Jaime Mayaki, OMT: O turismo não pode continuar a ser pensado como antes
O sistema de all inclusive que tem sido o grande motor do turismo em Cabo Verde não é sustentável e o sector deve seguir novos rumos. De qualquer modo, avalia o vice-director do Programa Regional para África, da Organização Mundial de Turismo (OMT), o país está já na direcção certa e isso denota-se na vontade política e planeamento assumidos para o futuro do sector.
O modelo dos resorts trouxe receitas para Cabo Verde, e terá contribuído até para que este ascendesse a país de rendimento médio. É um facto, aponta Jaime Mayaki.

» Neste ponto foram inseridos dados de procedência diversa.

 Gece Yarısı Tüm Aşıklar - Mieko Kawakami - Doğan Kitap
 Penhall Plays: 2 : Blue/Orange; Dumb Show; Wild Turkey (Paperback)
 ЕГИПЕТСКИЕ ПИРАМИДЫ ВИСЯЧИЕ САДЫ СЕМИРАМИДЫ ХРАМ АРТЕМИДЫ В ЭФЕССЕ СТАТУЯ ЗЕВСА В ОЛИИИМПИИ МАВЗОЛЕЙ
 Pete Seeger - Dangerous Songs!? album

Porém, considera o especialista, este sistema – “uma experiência pela qual Cabo Verde passou”, não pode continuar a ser o caminho.

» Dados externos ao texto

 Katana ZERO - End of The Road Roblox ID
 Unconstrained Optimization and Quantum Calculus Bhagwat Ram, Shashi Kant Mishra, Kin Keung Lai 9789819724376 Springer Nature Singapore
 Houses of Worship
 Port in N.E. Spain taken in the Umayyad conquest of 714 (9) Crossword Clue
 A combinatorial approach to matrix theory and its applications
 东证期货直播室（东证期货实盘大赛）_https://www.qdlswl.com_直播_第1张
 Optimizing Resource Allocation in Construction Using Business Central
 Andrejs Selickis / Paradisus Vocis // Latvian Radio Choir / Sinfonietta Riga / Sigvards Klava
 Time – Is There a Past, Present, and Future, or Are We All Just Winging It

Aliás, em consonância com as tendências mundiais, e como salienta, “2017 foi declarado pelas Nações Unidas como o ano internacional do turismo sustentável para o desenvolvimento, por forma a chamar a atenção a todos os estados, stakeholders, hotéis, etc., de que, de agora em diante, a sustentabilidade tem de ser aplicada à forma como fazem negócio”.
Ou seja, “o negócio não pode ser feito da forma como era feito antes”, resume Jaime Mayaki, que falava aos jornalistas à margem do IV Fórum Mundial de Desenvolvimento Económico Local, no qual foi orador no painel interactivo “Turismo e Desenvolvimento Local nos PEIDs”.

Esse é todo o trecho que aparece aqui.